WHAT TO PRODUCE :: Exactly the lines starting at the line containing "Wooden Quaran Bible" and ending at the line containing "Men's Hooded Knit" are to be written out from the listing below, both included.

ENTRIES SUPPLIED ::
· · · · · · ·

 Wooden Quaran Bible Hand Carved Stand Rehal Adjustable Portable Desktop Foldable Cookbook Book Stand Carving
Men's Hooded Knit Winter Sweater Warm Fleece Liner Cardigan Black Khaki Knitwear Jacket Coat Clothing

· · · · · · ·

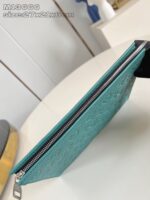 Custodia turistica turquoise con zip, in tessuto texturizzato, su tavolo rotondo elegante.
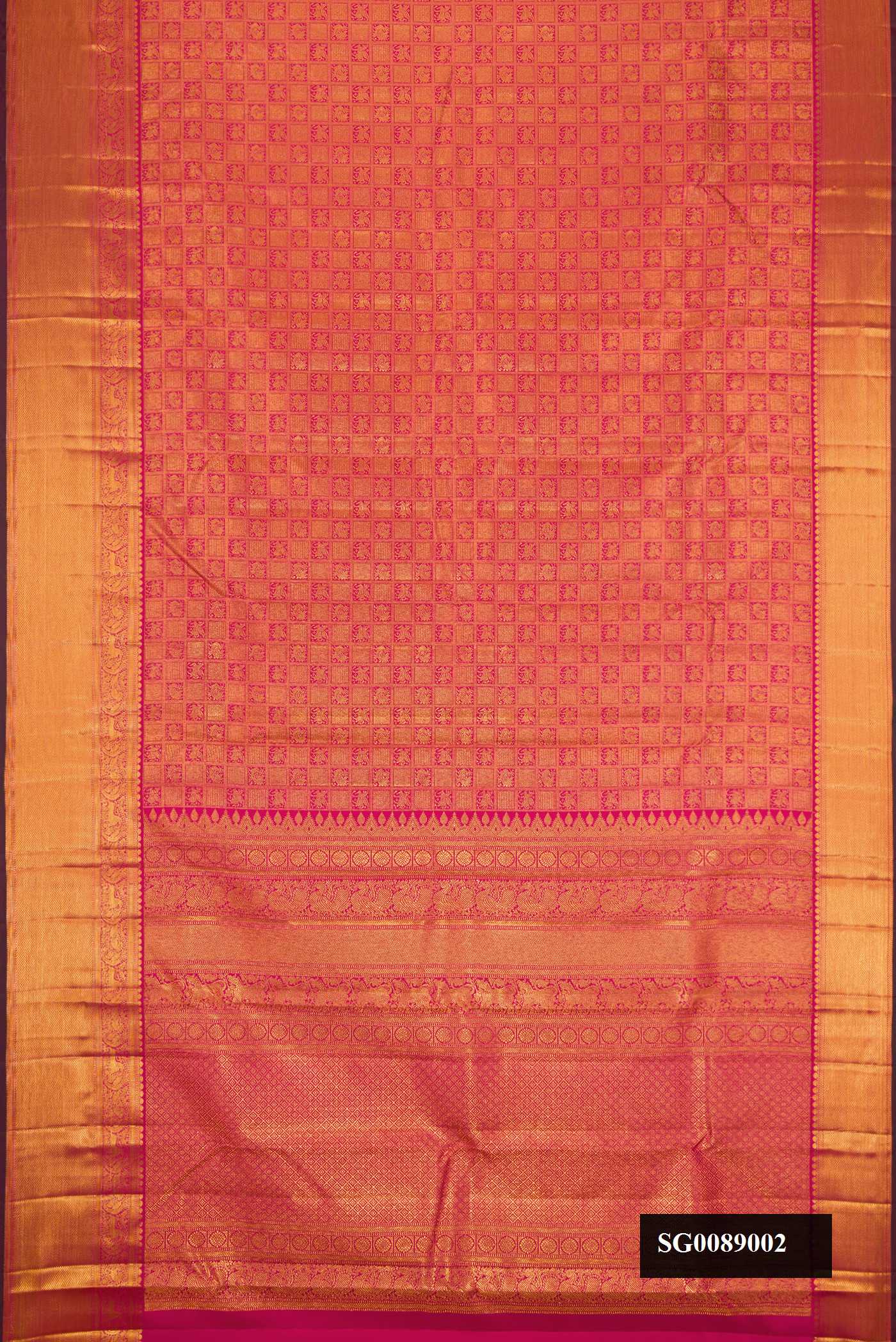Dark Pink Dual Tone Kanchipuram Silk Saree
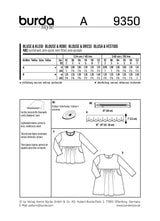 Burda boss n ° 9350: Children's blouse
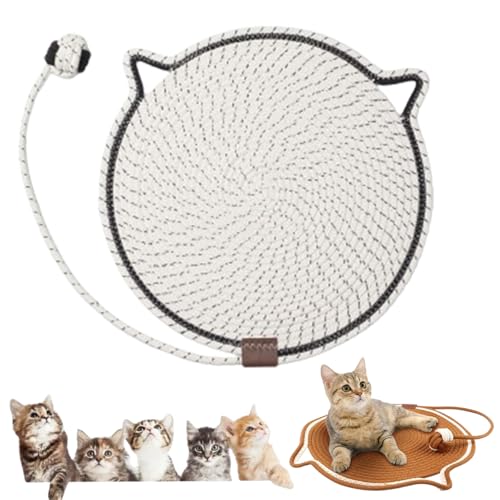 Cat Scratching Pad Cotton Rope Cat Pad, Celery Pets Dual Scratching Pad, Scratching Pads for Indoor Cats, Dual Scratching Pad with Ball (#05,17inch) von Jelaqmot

· · · · · · ·

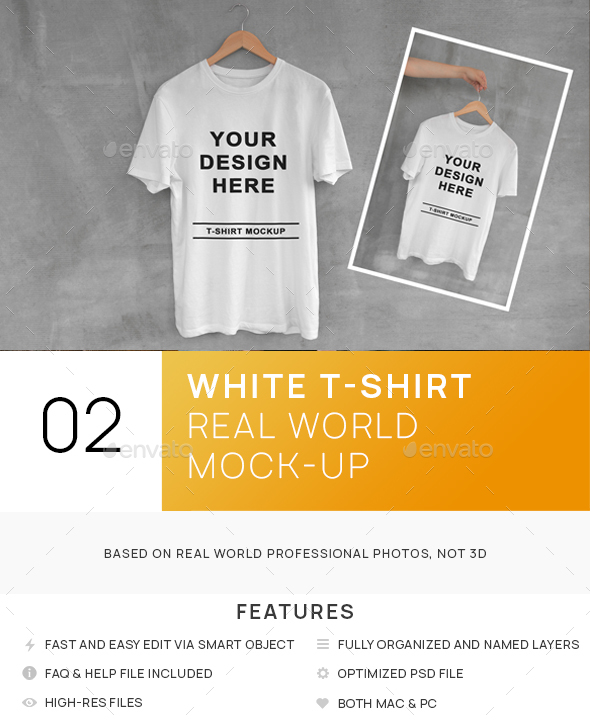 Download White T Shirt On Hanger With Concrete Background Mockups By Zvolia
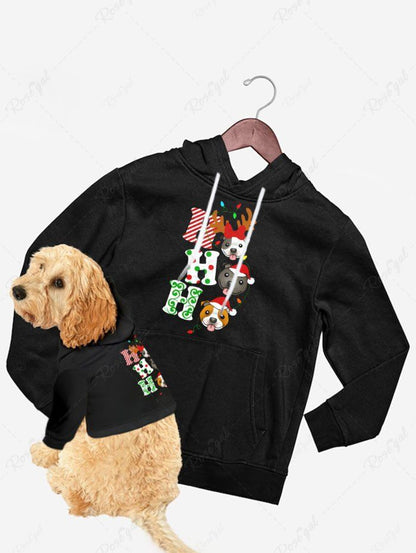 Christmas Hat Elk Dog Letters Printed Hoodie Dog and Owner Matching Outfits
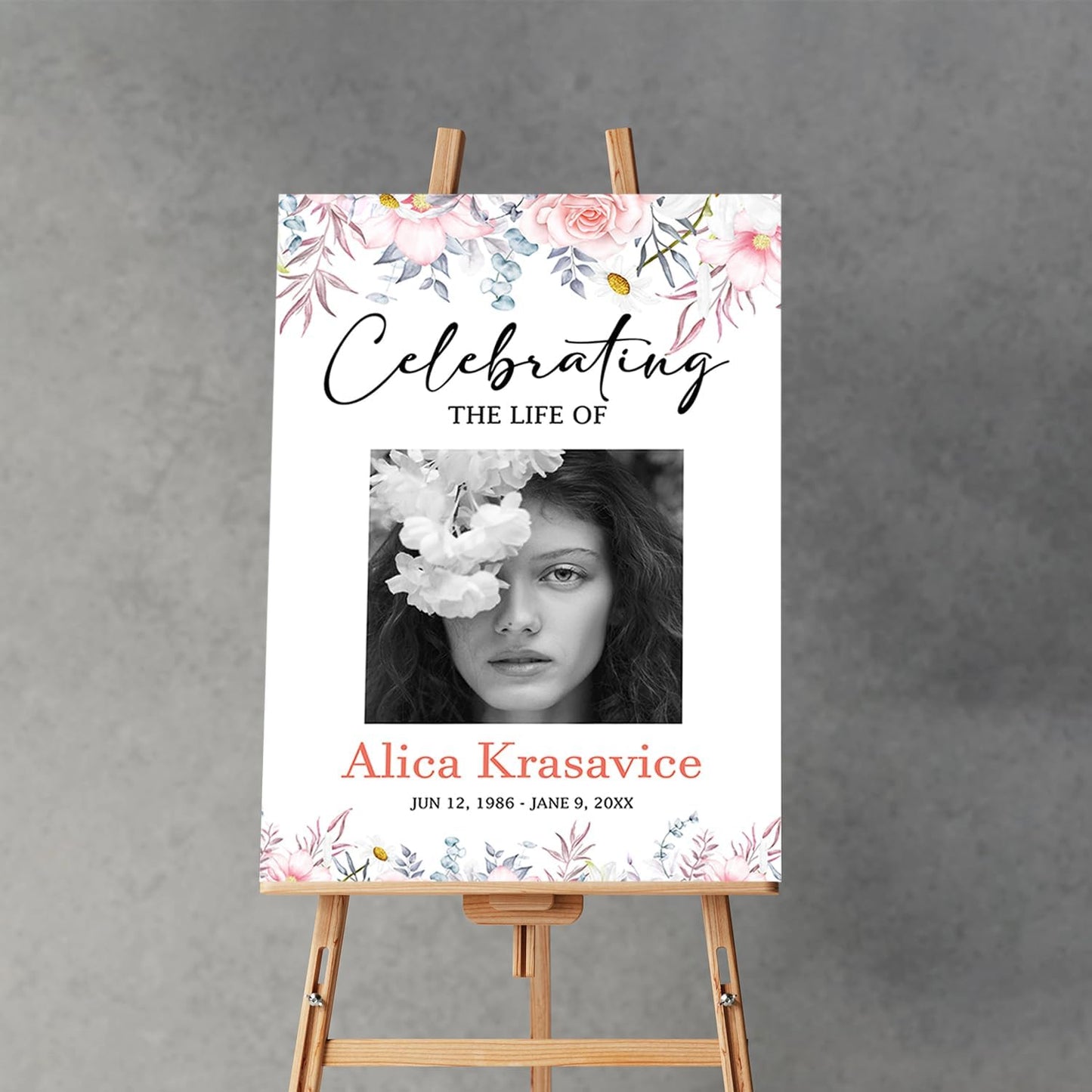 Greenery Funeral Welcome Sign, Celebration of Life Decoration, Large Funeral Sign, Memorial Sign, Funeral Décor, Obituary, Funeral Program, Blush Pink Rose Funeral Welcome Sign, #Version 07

· · · · · · ·

TASK ANSWER ::
 Wooden Quaran Bible Hand Carved Stand Rehal Adjustable Portable Desktop Foldable Cookbook Book Stand Carving
Men's Hooded Knit Winter Sweater Warm Fleece Liner Cardigan Black Khaki Knitwear Jacket Coat Clothing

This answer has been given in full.